We need to figure out how to answer this question right now. (Probably by going and talking to them.)

  • Our office lease is expiring in two months! Where will we work?

100% highly uncertain, but no business impact at all.

Remember from math class that any big number multiplied by zero is still zero. 100% uncertainty * 0 business impact = not important

  • Will they pay $19.99 for a one month subscription?

High business impact, but only 5% uncertainty. Remember we have some information here already. So this is certainly important, but a big number times a small number is going be somewhere in the middle.

Hint: Again, the percentages for uncertainty are just examples to make the equation clear. It’s not that precise.

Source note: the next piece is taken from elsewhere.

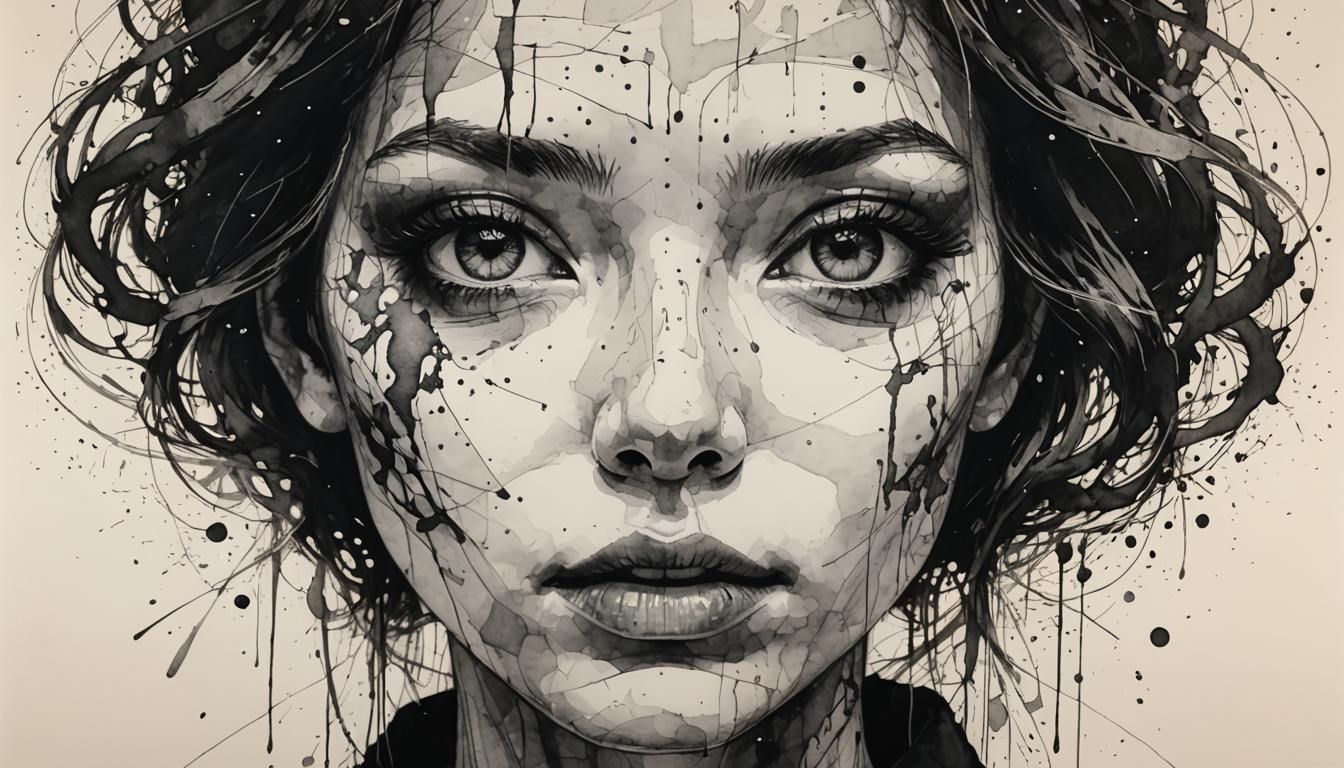Dramatic Ink Drawing of a Woman with Mesmerizing Eyes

  • Will adding a search function increase user engagement?

99% uncertain but less impactful. So all it all, not the most important thing.

Spend your Time Wisely

Spend your time on the important things!Regardless of what method of prioritization we use (there are plenty of great methods), we need to agree on how we define importance. Otherwise, we’re bound to spend hours debating when we could be doing something actually important with our time.

So…what should I post next? Tweet to tell me what to write:

Show me how to test product market fit!

or

How can I do lean startup in my friggin' huge company?

One comment

  1. “Business impact” can lead you astray when evaluating the importance of roadmap items and other tactical product decisions. See this post I wrote about prioritizing last year.

    Business impact should determine your product strategy hypotheses and MVP. But once you have those hypotheses, progress towards implementing and testing the product strategy should guide tactical decisions, not a re-evaluation of business impact.

    When we determine a preliminary unique value proposition for a product, we do so on the basis of what we believe will have the most business impact. But when we decide on a feature to include in our product, we should evaluate it in terms of support for the unique value proposition we’ve already chosen for its business impact.

    Uncertainty is, indeed, another key part of the evaluation. We should ask what we will learn about our product strategy by moving forward with an experiment or other product decision.

    In short, business impact should guide strategic product decisions, but not tactical ones, at least not directly.